Crans-Montana (Svizzera), 5 gennaio 2025 – Sei ragazzi italiani, tra cui Giovanni Tamburi di 16 anni da Bologna, Achille Barosi di 16 anni da Milano, Emanuele Galeppini di 17 anni originario di Rapallo e residente a Dubai, Chiara Costanzo di 16 anni originaria di Arona, Sofia Prosperi di 15 anni italo-svizzera e Riccardo Minghetti di 16 anni da Roma, hanno perso la vita in un tragico incendio avvenuto durante una festa al locale Constellation. L’ambasciatore italiano in Svizzera, Gian Lorenzo Cornado, ha confermato che il bilancio è definitivo, riporta Attuale.

Le speranze di ritrovare Sofia e Riccardo tra i sopravvissuti si sono spente dopo che l’esame del DNA ha confermato l’identità di Chiara Costanzo. In mezzo al dolore, il padre di Chiara ha dichiarato: “Non rivedrò mai più mia figlia”. Il governo italiano si è impegnato a fare tutto il possibile per supportare le famiglie colpite e ha annunciato che i 14 connazionali feriti verranno trasferiti in Italia. “Tre sono già in volo verso il Niguarda di Milano e una ragazza è diretta a Torino”, ha comunicato il ministro degli Esteri, Antonio Tajani.

Il triste rientro delle salme dei ragazzi avverrà oggi. Un corteo funebre partirà dal Centro funerario de Platta a Sion, diretto all’aeroporto militare. I feretri verranno riportati in Italia grazie a un volo C130 dell’Aeronautica Militare, atterrando a Linate intorno a mezzogiorno prima di proseguire per Roma Ciampino per Riccardo Minghetti.

Sofia Prosperi, invece, rimarrà in Svizzera, dove viveva con i genitori a Castel San Pietro. Era in vacanza con amici dell’International School of Como ed è stata la sola a non riuscire a scappare. Due suoi compagni sono rimasti illesi, mentre un terzo, di Cantù, è ricoverato al Centro Grandi Ustionati di Niguarda.

Il mondo scolastico e sociale di Riccardo è in lutto. “Riccardo era un ragazzo straordinario, amante della neve e dello sport,” ha dichiarato Giuseppa Tomao, preside del liceo scientifico Cannizzaro. La sorella di Riccardo, Matilde, che ha assistito al tragico evento, ha riportato ferite mentre cercava di aiutare i soccorritori. Achille e Chiara, entrambi partecipanti alla festa, sono stati descritti da compagni e amici come giovani pieni di vita e promesse, lasciando un vuoto incolmabile in chi li conosceva.

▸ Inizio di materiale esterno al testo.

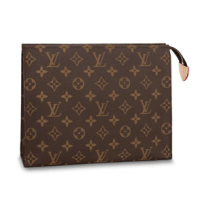 Pochette Toilette 26 Louis Vuitton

Attilio Fontana, governatore della Lombardia, e il sindaco di Milano, Beppe Sala, saranno presenti per accogliere le salme di Chiara e Achille a Linate, dove verrà proclamato lutto cittadino. Un momento di riflessione profonda per onorare la memoria di queste giovani vite spezzate da un’altra ingiustizia.